Whether or not Miss Potts has accurately described Hymowitz’s argument, I’ll leave to others to decide. (I haven’t read the book, so I’m unprepared to defend it.) But I will note that Miss Potts provocatively headlines her article, “Why Aren’t You Married Yet?” — and never answers her own question.
This attitude is far from being atypical among young professional women who, like Miss Potts, are in their late 20s and make a great show of being indifferent to their marital prospects.
They have plenty of opportunities, such women would have you believe. Why, she can’t walk two blocks down the street without encountering some lovestruck man who, as soon as he sees her approach, falls to his knees and begs for her hand in marriage.
So . . . when’s the wedding, sweetheart?
My friends in Washington will laugh at that. Whenever I’m at a cocktail reception and encounter a young couple (who may or may not be dating) I inevitably ask, “When’s the wedding?”
This is asked in a half-joking manner, but only half-joking. Some social conservatives merely talk about traditional family values, but I feel compelled to actually try to do something to reverse America’s slow slide into moral decadence.
“When’s the wedding?” I ask the young couples. This typically provokes laughter — 20-something professionals in D.C. do not, as a rule, think much about their near-term marital prospects — but I persist as if in deadly earnest: “Seriously, there’s no waiting period in Virginia, you know. You two could go to the courthouse in Arlington tomorrow morning and be on your honeymoon before lunch. Time’s a-wasting!”

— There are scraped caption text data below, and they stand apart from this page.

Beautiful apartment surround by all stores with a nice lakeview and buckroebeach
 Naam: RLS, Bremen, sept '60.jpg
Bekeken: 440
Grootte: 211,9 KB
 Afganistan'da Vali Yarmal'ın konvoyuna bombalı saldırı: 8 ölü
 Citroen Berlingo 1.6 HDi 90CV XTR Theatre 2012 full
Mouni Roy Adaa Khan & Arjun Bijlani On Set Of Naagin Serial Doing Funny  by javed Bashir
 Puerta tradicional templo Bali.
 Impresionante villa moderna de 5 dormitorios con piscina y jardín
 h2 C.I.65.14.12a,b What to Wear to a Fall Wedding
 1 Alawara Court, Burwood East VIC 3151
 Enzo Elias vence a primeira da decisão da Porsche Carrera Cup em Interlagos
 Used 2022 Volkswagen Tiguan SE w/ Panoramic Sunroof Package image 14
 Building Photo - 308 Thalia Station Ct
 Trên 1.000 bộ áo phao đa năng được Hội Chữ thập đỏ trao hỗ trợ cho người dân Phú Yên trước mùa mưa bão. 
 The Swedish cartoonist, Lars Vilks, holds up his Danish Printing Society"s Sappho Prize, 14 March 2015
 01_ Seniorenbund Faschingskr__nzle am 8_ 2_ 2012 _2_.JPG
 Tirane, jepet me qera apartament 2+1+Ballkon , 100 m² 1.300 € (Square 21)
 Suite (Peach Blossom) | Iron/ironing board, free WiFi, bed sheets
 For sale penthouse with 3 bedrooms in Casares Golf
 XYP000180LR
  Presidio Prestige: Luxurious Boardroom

So what does this tell us, besides the fact that McCain sounds like a horrible bore and if you see him at a party, you should either avoid him or gear up your enthusiasm for shutting down his rudeness with your own. (If he corners you and starts badgering you to get married ASAP, please feel free to throw your drink in his face and say, "Well, I never!" No one will think less of you for it.) Well, I can't know for sure why it's so damn important to McCain to bully other people into marriage. But I do know that I'm always suspicious of the hard sell.
In fact, Lindsay and I were talking about this last night. (By the way, she's blogging at Dissent now, so check it out!) The hard sell always makes me think that someone doesn't have faith in the product. Like, if you walk into a store and there's immediately 15 people dangled over you, shoving stuff in your hands, then I automatically think the product is probably shit, because they're using personal pressure instead of highlighting the actual benefits of the product to get you to buy. And reading McCain braying about how he delivers the hard sell on marriage, all I can think is he hates marriage and privately thinks it sucks and no one would get married just because they want to. His ready assumption that women want to be bullied into marriage because they're all secretly craving the validation isn't so much a real belief, but a weapon he's using in the hard sell. Reading his post, I'm so convinced that McCain thinks marriage is a miserable trap and that he's all about misery loving company that I'm beginning to wonder if he knows anyone in a happy marriage at all. You wouldn't know it to read him. I'm definitely convinced that he's bitter about all the fun he presumes that other people are having---his rant about "fornication" makes that especailly clear---and he wants to bring as much of it to an end as soon as possible.